Birla Academy of Art & Culture, December 14-18, 2010.
by Nanak Ganguly
Printmaking is like an act of sorcery. The repetitious plates to liberate desire that seeks to satisfaction but affirms human beings the sign of destiny at the end of history. As we are condemned to freedom and meaning we are condemned for transgression. Can we rid ourselves of satisfaction and steep in the free accidental play of desire- the subject? The subject that knows, idealizes and acts pragmatically is lacerated. Subject and self are no longer stable sources of meaning and productivity, but in these printmakers, become accidents and nomads. Only in the dissolution of the subject do we know that consciousness is the ecstatic discovery of human destiny. Above all, even if there is a promise of pleasure, the suggestion of pain is never far away.
We have seen that despite the fact that modernist practice privileges individual expression, artists have time and again come together as self-help groups with shared aims. This brings to our mind the Group 8 (1968), the printmaker's collective initiated by Prof. Jagmohan Chopra, aimed at constructing a community of printmakers. The collectivized efforts of Group 8 saw the emergence of special print exhibitions and publications some four decades back and how far did this help to expand the audience for the medium. Certainly this effort by Birla Academy of Art Culture under the stewardship of Atin Basak with 32 eminent artists some of whom are acclaimed Masters is also an attempt to “elevate” printmaking to an art form and remove all traces of its commercial, mass reproduction origins. Atin Basak says “…I am still… experimenting with different aspects of this medium for the last 20 years. Perhaps I enjoy the challenge of this indirect method which developed a true love for this medium. A surprising element is always active which attracted me from the beginning…What we are to do was to pull a medium out of its commercial context by pushing its limits beyond the parameters defined by commerce.”
There was no market for prints in the 1970's and one could push the frontiers of the medium in as a purely experimental gesture. The culture industry did not latch on to printmaking for a long time, therefore some of the most interesting explorations: processual and conceptual took place in printmaking. The aesthetics of printmaking was not dictated by market exigencies and this is clearly visible in the kind of work produced in that period. The parameters of “original” printmaking that emphasize working directly on the plate or matrix, instead of merely reproducing a work made in another medium are very important and equally to work with the mediums possibilities for the printmakers. Ravi Varma was primarily interested in expanding his audience for commercial reasons and therefore the potential of the multiple ways was very important for him. It is only much later in Santiniketan that artists began to experiment with the inherent expressive qualities of the techniques. In an interview given earlier Anupam Sud once said, “I am deeply anguished by the fact that today artists and galleries are complicit in misleading the public about printmaking with reproductions being passed off as originals.”

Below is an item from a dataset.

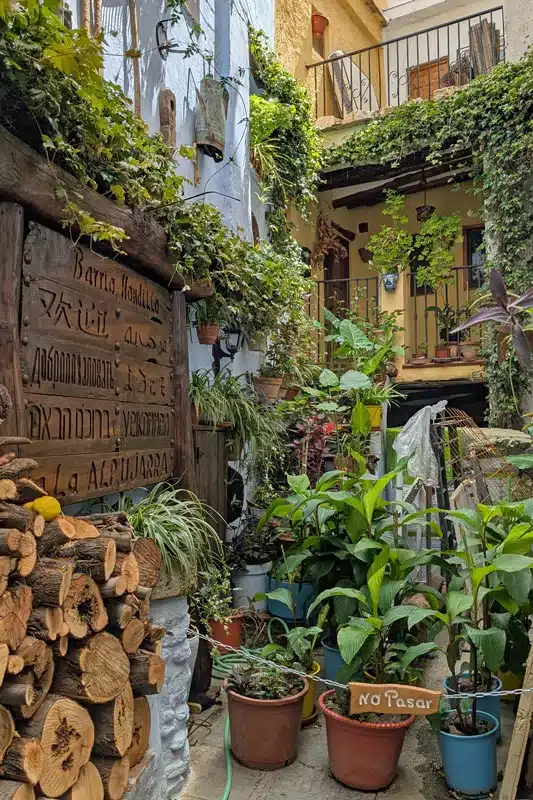 Lanjarón: qué ver en el Pueblo del Agua de la Alpujarra 4 Barrio Hondillo – El casco antiguo de Lanjarón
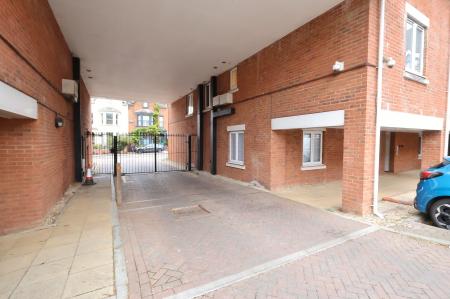 2 bedroom Flat for sale in Sanders Place, Walsworth Road, Hitchin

In intaglio the plate meant for printing bearing ink in a groove or pitted mark may be made from copper, zinc or steel or any hard material and the mark is either made directly be engraving or indirectly by etching with acid. Ink is rubbed and pushed into the mark and the surface wiped clean. Pressures of the press forces the paper into the plate and makes contact with ink during the printing which results in printed mirror- image of the original mark. These are then printed successively in registration. The plates confront the viewer here in the workshop in an overwhelming and dizzying fashion-exciting that it contrasts the work of major printmakers with widely disparate styles. This is the moment of aesthetic distance that provides the narrative a double edge. It is high time to stop defending printmaking as a valid art form and simply begin to recognize its enormous potential. Printing is explorative, creative and can incorporate carving, painting, drawing and using one's full artistic potential to create a work of art. These artists are eminent and prolific in their own field. Some were trained to be a painter or a sculptor but do not fear to go into an unchartered territory, their growing mastery as a sculptor, painter and printmaker deserve a wider recognition. The workshop's real importance is to gather artists at a time when a lot of printmakers have shifted their allegiance to painting blaming the condition of the art market responsible for this exodus. In order to sell the work, the galleries have to exercise equal effort whether it is a print or painting. This is why the galleries here have not supported the printmakers properly.